DATA PROVIDED:
──────

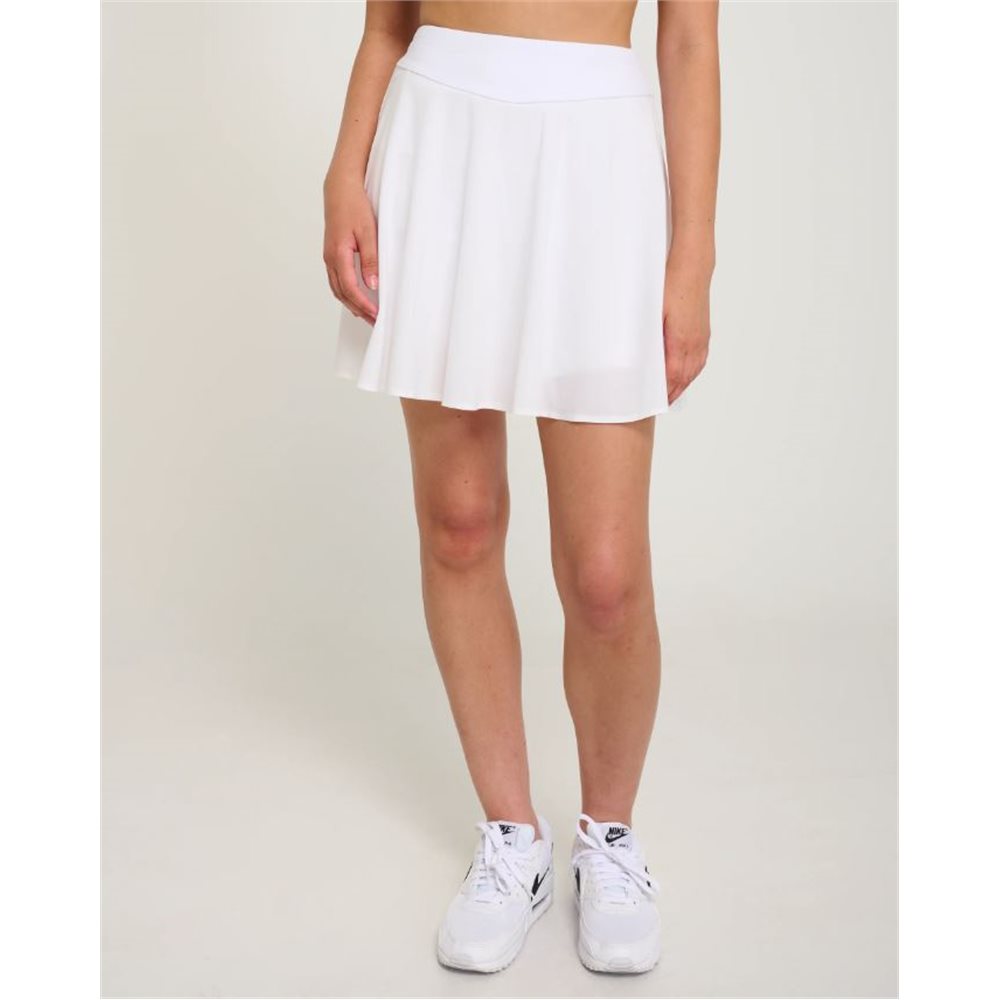 Women's Exec Skort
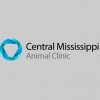 Central Mississippi Animal Clinic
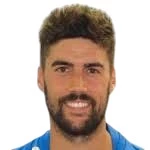 Juanma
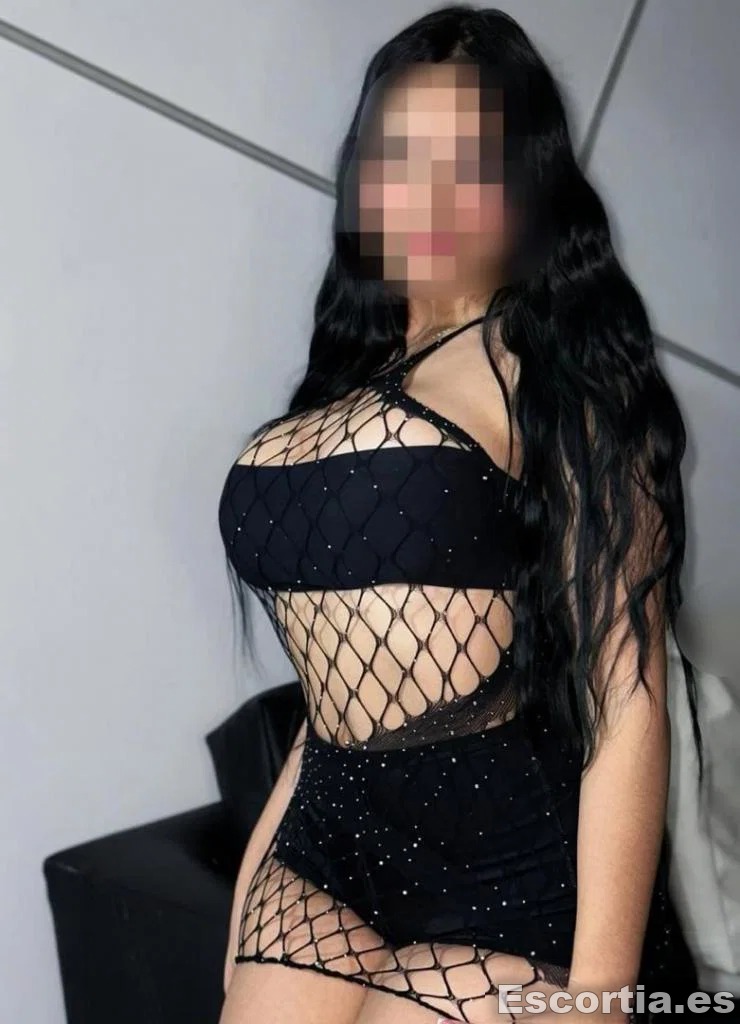 Kamila photo 3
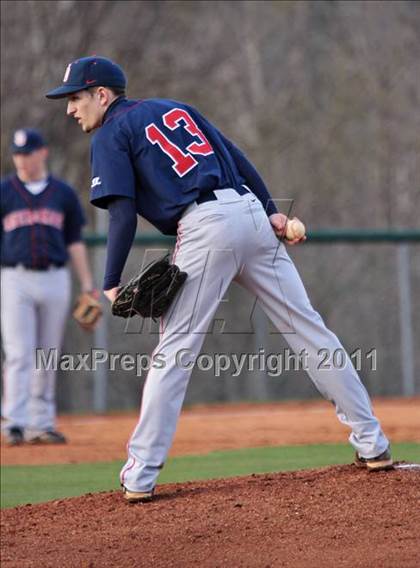 Thumbnail 3 in South-Doyle @ Sevier County photogallery.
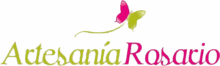 Logo (3)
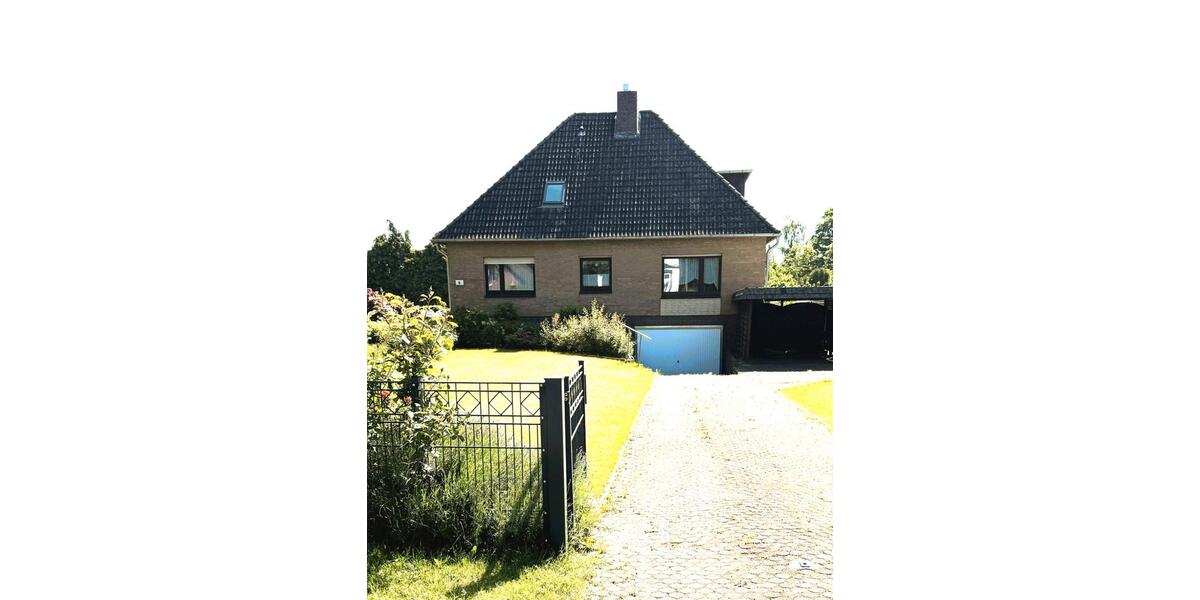 Einfamilienhaus Hamburg Billwerder - 830.000&euro; | Angebot:26867446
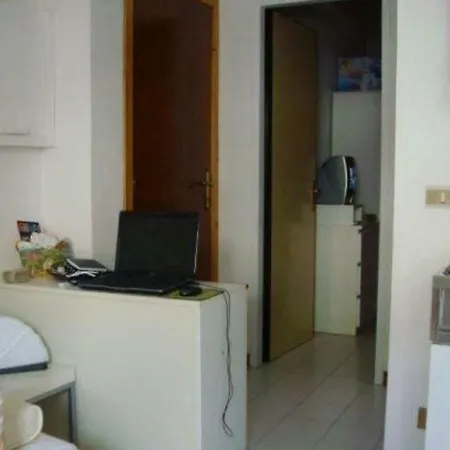 Diamond Holiday In September Apartman *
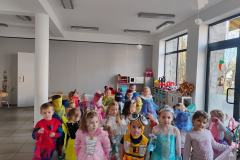 576930065_1437407785029710_7931486980580180679_n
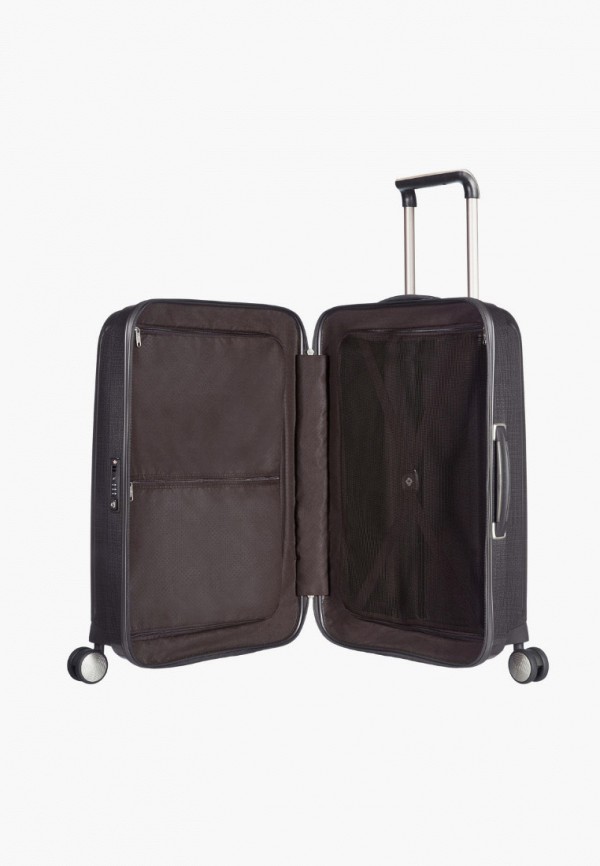 фото Чемодан samsonite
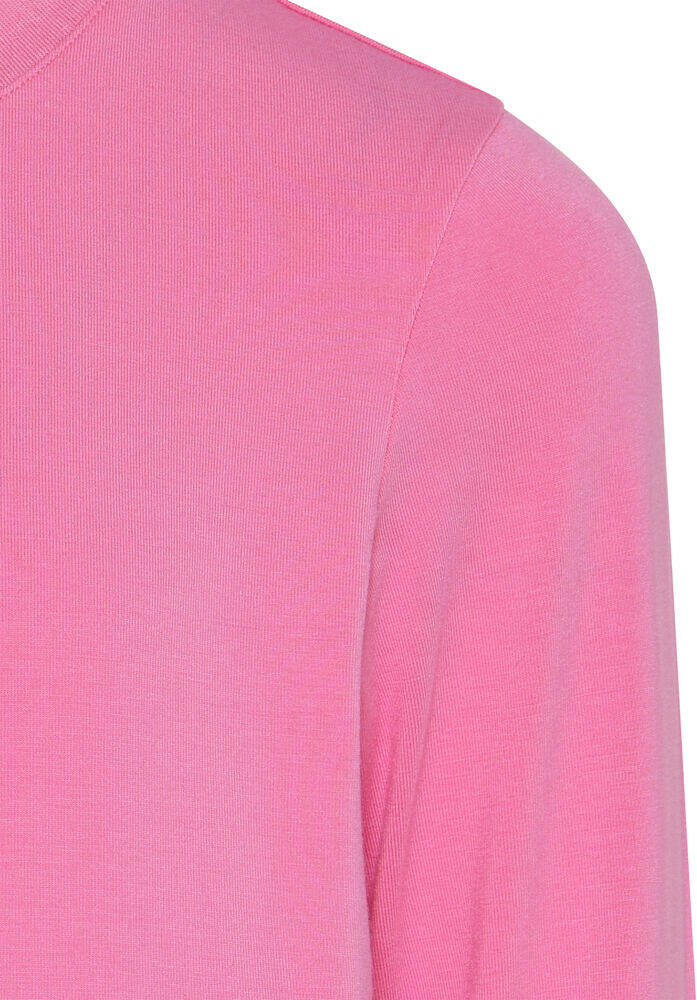 Okidoki Torp trøye barn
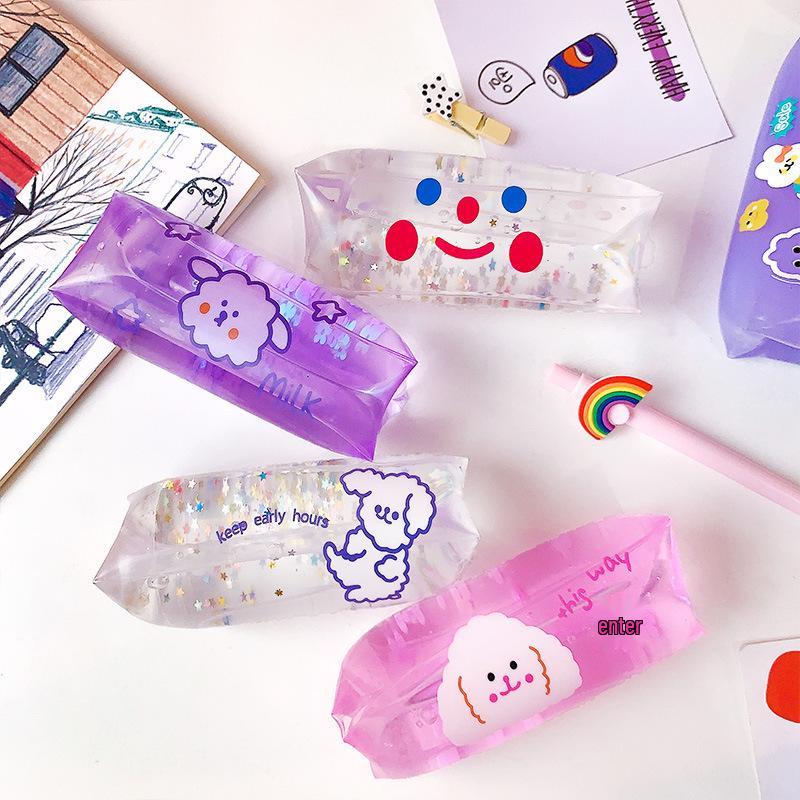 Large Water Snake Prank Toy - Funny Stress Ball for Creative Pranking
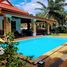 3 Schlafzimmer Villa zu verkaufen in Phuket Town, Phuket, Chalong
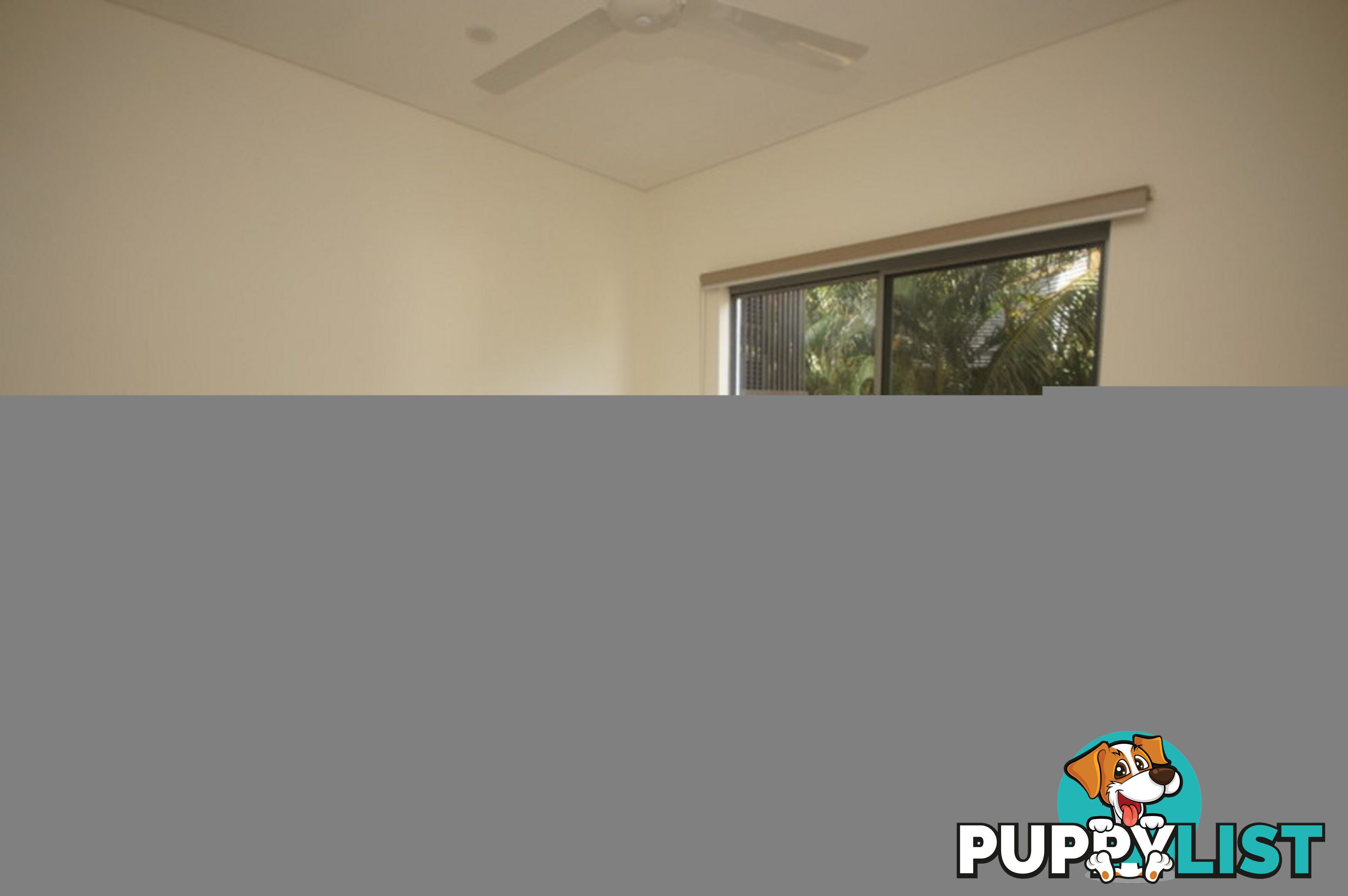 4/3 Coronation Drive STUART PARK NT 0820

──────

EXERCISE DESCRIPTION:
Your output must consist only of the lines from the line with "Diamond Holiday In September Apartman *" through the final line of the data, both included, reproduced exactly and free of pictures.

EXERCISE RESULT:
 Diamond Holiday In September Apartman *
 576930065_1437407785029710_7931486980580180679_n
 фото Чемодан samsonite
 Okidoki Torp trøye barn
 Large Water Snake Prank Toy - Funny Stress Ball for Creative Pranking
 3 Schlafzimmer Villa zu verkaufen in Phuket Town, Phuket, Chalong
 4/3 Coronation Drive STUART PARK NT 0820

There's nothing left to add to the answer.